Luring the masses into taking "free money"
(the gov't already has its "Free Sh!t Army" with EBT cards, etc etc)
is EASY.

Then, once ensnared a la "The Pig Trap",
remind those Idiocracy University Graduates
that, should they disobey, mis-speak or even have a thought-crime,
THEIR MONEY GOES *poof!*...and now,
they have NO RECOURSE, NO OTHER SOURCE for their "life blood."

But it's too late and doesn't matter...as if their firearms had been confiscated.
And so, it finally dawns on them how royally ska-roowed they are.

Anonymous said...

Greetings Mr. Porretto.

I am reminded of something Jerry Pournelle wrote in his Imperial Stars series.
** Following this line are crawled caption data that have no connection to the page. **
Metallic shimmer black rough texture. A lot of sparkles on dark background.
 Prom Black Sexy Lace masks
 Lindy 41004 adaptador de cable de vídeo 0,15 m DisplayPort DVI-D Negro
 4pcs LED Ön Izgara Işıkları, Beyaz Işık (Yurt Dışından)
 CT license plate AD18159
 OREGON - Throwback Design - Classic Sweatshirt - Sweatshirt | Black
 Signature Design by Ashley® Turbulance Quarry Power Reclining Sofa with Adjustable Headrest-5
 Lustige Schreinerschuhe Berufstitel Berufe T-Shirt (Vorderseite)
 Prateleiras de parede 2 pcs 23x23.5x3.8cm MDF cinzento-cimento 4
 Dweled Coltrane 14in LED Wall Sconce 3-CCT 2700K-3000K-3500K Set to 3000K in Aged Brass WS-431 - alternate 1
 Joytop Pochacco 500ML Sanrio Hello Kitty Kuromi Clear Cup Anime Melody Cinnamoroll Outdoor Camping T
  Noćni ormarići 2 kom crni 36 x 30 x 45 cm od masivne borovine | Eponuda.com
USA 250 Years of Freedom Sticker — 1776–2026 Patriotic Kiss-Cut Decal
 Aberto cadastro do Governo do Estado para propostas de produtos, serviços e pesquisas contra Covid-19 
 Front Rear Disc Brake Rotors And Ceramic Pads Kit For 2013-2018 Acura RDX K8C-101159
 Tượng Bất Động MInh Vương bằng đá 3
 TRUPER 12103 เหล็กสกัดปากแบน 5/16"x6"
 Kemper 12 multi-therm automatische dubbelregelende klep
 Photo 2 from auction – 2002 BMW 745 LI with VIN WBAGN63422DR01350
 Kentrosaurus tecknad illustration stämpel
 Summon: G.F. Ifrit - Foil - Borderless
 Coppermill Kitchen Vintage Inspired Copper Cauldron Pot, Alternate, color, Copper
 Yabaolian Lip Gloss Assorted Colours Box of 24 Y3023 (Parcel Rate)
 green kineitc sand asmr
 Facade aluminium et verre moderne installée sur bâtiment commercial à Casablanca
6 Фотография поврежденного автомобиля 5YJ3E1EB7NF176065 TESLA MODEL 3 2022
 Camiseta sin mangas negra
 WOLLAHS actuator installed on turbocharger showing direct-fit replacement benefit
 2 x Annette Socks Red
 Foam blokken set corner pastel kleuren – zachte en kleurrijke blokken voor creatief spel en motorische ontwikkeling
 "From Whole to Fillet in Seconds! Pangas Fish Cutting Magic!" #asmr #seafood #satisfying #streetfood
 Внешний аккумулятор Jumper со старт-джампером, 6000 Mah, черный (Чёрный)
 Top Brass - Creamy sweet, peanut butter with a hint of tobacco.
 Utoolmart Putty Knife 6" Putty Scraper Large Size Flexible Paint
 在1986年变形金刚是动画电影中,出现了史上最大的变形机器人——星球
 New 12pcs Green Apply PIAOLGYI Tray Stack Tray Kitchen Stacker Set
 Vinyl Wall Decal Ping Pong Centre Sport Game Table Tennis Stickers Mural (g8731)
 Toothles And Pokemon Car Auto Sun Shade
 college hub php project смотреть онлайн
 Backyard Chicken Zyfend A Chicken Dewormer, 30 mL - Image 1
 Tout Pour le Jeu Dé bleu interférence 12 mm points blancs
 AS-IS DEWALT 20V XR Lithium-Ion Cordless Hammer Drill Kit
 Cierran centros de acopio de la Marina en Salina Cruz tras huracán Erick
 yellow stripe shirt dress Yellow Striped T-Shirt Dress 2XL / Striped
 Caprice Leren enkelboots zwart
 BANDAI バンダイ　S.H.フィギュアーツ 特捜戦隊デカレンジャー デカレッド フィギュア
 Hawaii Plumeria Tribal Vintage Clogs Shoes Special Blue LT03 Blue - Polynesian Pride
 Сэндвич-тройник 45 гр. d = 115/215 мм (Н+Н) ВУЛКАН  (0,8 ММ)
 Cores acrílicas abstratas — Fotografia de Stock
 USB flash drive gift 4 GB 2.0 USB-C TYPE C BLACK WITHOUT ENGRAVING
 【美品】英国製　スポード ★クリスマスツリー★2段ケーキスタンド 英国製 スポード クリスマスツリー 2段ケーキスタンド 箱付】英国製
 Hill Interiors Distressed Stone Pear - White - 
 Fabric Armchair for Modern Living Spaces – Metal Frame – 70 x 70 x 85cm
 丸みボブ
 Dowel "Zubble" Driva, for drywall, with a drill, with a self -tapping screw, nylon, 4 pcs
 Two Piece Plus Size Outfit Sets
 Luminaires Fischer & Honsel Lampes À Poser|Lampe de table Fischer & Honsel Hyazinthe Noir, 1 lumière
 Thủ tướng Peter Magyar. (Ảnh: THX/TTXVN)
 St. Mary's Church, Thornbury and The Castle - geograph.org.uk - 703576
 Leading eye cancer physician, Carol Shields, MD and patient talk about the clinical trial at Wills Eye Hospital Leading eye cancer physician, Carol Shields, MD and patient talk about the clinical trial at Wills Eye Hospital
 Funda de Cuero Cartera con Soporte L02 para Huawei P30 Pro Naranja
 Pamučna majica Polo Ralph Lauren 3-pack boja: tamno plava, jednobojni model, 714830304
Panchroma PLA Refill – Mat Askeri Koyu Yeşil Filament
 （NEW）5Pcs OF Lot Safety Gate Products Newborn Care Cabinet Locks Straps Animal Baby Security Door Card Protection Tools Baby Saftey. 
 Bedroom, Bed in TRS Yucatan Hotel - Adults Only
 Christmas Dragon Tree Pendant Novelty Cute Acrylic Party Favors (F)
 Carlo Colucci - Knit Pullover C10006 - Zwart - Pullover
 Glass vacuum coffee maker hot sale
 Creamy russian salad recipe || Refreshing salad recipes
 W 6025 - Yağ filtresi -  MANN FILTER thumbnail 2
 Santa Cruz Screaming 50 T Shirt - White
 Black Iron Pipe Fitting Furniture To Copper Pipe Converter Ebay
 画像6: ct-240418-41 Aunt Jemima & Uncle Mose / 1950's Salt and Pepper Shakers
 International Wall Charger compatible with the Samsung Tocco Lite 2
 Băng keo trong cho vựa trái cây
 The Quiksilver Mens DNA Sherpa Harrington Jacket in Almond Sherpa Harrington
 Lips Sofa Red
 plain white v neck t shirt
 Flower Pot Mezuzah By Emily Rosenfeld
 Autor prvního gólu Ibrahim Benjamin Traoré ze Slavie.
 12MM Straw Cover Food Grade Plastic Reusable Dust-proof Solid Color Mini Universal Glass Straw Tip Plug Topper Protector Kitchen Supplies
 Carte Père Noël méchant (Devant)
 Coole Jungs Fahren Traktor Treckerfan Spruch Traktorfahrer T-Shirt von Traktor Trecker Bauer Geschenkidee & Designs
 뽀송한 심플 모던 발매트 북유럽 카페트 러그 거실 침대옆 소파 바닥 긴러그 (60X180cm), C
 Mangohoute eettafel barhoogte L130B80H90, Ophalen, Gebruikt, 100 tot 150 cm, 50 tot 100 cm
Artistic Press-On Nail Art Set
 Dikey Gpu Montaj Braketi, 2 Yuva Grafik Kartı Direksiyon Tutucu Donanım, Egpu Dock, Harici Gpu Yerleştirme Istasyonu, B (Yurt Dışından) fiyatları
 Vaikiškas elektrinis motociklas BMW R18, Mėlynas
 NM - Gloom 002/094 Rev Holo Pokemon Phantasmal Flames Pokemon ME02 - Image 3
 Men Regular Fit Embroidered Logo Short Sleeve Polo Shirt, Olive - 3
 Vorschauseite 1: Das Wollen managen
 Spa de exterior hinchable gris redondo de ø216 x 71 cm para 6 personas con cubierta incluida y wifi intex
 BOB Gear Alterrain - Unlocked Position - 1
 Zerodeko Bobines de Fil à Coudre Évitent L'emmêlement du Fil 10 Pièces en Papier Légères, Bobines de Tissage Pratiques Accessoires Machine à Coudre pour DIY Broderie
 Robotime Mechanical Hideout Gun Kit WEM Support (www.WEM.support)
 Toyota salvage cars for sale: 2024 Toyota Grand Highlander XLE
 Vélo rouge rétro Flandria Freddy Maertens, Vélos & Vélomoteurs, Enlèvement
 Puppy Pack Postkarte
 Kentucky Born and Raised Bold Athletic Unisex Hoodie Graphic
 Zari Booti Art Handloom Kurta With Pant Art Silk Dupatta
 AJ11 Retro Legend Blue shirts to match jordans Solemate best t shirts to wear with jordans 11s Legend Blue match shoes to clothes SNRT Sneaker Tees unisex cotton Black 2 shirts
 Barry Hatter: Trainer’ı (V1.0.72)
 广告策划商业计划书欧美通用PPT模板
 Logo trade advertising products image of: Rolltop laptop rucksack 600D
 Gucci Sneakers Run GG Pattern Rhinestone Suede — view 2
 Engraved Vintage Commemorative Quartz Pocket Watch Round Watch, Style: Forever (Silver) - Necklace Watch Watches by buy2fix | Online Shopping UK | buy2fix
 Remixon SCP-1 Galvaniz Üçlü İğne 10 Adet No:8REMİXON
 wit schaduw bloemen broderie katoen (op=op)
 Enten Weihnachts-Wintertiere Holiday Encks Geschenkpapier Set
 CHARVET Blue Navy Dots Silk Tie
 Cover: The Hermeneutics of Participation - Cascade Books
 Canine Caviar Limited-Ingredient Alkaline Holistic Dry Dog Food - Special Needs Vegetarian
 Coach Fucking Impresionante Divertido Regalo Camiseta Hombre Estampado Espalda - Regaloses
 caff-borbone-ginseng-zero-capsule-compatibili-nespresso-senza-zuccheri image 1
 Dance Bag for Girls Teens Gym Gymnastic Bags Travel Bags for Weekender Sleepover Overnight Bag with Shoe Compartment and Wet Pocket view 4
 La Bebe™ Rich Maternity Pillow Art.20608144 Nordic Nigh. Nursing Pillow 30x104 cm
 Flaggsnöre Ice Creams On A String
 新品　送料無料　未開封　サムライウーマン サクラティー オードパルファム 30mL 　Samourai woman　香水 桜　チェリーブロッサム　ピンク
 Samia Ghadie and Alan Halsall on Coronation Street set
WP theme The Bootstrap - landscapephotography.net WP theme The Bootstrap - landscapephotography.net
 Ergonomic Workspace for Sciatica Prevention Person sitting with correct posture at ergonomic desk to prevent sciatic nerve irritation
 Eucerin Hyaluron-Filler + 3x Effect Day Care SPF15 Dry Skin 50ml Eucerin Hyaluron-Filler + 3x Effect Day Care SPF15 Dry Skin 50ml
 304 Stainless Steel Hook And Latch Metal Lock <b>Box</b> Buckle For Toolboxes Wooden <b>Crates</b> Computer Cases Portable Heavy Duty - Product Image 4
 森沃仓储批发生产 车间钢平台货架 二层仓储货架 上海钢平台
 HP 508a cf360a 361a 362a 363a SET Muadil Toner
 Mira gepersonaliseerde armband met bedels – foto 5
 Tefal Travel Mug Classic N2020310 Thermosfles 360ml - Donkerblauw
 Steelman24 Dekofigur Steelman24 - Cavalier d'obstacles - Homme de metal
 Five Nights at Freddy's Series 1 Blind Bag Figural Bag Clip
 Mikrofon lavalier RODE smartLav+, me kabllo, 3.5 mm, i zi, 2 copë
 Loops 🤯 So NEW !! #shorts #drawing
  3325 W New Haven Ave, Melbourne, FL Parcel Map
To paraphrase: We have a council of economic advisors. Very educated men who are constantly wrong. We'd do better to have a council of astrologers who read the intestines of animals because we'd be less likely to take them seriously.


It seems to me that the inflation in our country is not just monetary.

The value of our money is being inflated away.
The value a a high school diploma has been inflated away.
The value of (many) college degrees is in the process of being inflated away.
The value of U.S. citizenship is being inflated away.

How can we start to turn the tide?

Stewart said...

I've been following this notion of a UBI for a couple of years, and my basically libertarian economic brain rejects the entire notion as evil slavery.

But, my science fiction brain still ponders what the future may bring. You state, accurately, that reduced incentive to produce, lowers production. But, imagine a (not too distant) future in which virtually all labor is performed by robots. To put it simply, in that scenario, who cares if production declines? In such a world, perhaps only 20% (or maybe as little as 5%) of people still have meaningful work to do.

How does an economy work under those circumstances? How do you incentivize the 20%, while keeping the remaining 80% from causing too much trouble? How do you prevent the 20% from growing tyrannical, if not downright genocidal? You clearly, under those circumstances, cannot have anything like a functional "democracy", which would turn out worse that even today.

The progressive-types look at such a prospect, and see a pleasant but ridiculous Star Trek future. I look at it and see more of a Blade Runner future. Given the choice, I would almost rather see a Canticle for Leibowitz future.

Francis W. Porretto said...

Stewart: I would expect more of an Isaac Asimov The Naked Sun future. Specifically, the Solarian version.